[INFORMATION PROVIDED]:

•••

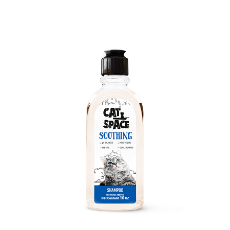 Cat Space Shampoo Soothing 300ml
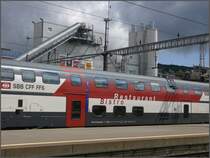 Dosto Bistro in Z�rich HB. (30.07.2010)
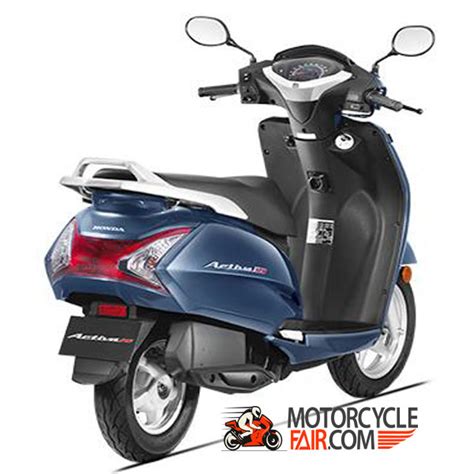 honda activa  scooter features review motorcycle reviews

•••

[YOUR INSTRUCTIONS]: Every line of the data is to be transcribed exactly, and no picture is to be included.

[ANSWER]:
 Cat Space Shampoo Soothing 300ml
 Dosto Bistro in Z�rich HB. (30.07.2010)
 honda activa  scooter features review motorcycle reviews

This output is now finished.